Saudi women have been pushing for women vendors in lingerie stores for years. In 2008, Reem Asaad, a financial adviser at a bank in Jeddah, spearheaded a campaign that has included postings on Facebook, letters to international lingerie stores that operate in the kingdom and workshops to train Saudi women to work as vendors. After Faqih’s new directive, Asaad says she feels women’s efforts have paid off.
“The publicity from the campaign bore fruit,” she said in a telephone interview from Jeddah. “The government has woken up.”
A similar directive in 2006 was never implemented. It was opposed by religious hardliners who are against women working in a mixed-gender environment.
Brand manager Azzam said the female staff will be given general as well as brand-specific training. The switch at La Vie En Rose, which has 30 stores in the kingdom, and La Senza, which has 45, should happen by end of September, he said.
Rabih Masarani, site manager for Bodique boutique, said one of the brand’s 11 stores converted on Sept. 5 at a mall in the western seaport city of Jeddah. Azzam and Masarani said the male workers will be provided jobs in other establishments owned by their companies.
Nawwaf al-Harbi, 26, has yet to be told whether he will need to change careers. He was hired in July by a new store after selling makeup for 10 years.
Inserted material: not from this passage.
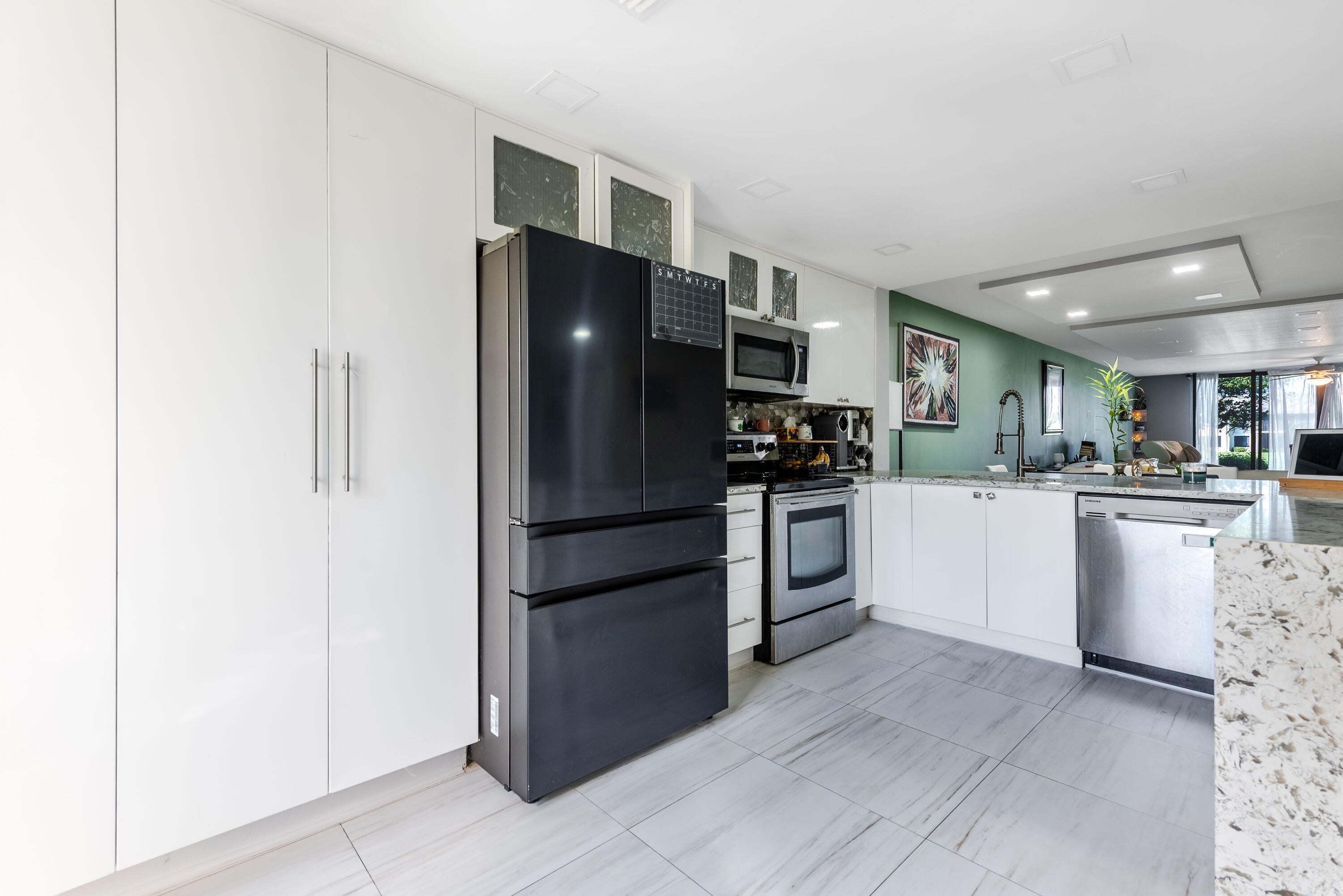 Properties | Stephanie Kaufman 7418 Victory Lane 9802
Standing in front of a display of lacy thongs, some decorated with sparkling hearts, al-Harbi said he doesn’t think the government’s effort will succeed.
“When I was selling makeup, women would always tell me they hate buying from female staff because they felt they were being judged,” said al-Harbi.
Al-Harbi said he took a two-day course on selling panties, the only lingerie items carried by the store, and didn’t feel embarrassment during the training. He said his sales technique depends on the kind of shopper who walks through the door.
“If she looks conservative, I leave her alone,” said al- Harbi. “If she looks curious, I approach her and show her the rest of the collection.”
University student Shadi al-Salem, 22, said in an Aug. 6 interview in Riyadh he supports the new law because it “bothers me that salesmen ask intimate questions, like bra sizes.”
To avoid such exchanges, some women take along a male relative. At a Riyadh store recently, a man with a salt-and- pepper beard stood in front of an underwear collection called “Hello Sugar” as two women, totally covered in black, pointed to the items they liked. Picking a hanger with a white bra decorated with a pattern of red roses, the man asked the vendor if he had it in large.
Kholoud al-Fahd, 33, chose another solution. She shops in Bahrain, a short distance from her home in Dammam in the Eastern Province after a salesman three years ago picked an orange bra and told her it would suit her.
“I cursed him and left the store,” said al-Fahd, 33, who helps run the family’s interior decorating business.
Another reason she shops in Bahrain is that fitting rooms are banned in Saudi stores, which means women end up buying bras that don’t really fit.
“This is a country that covers you up and then sends people to strip you down,” she said.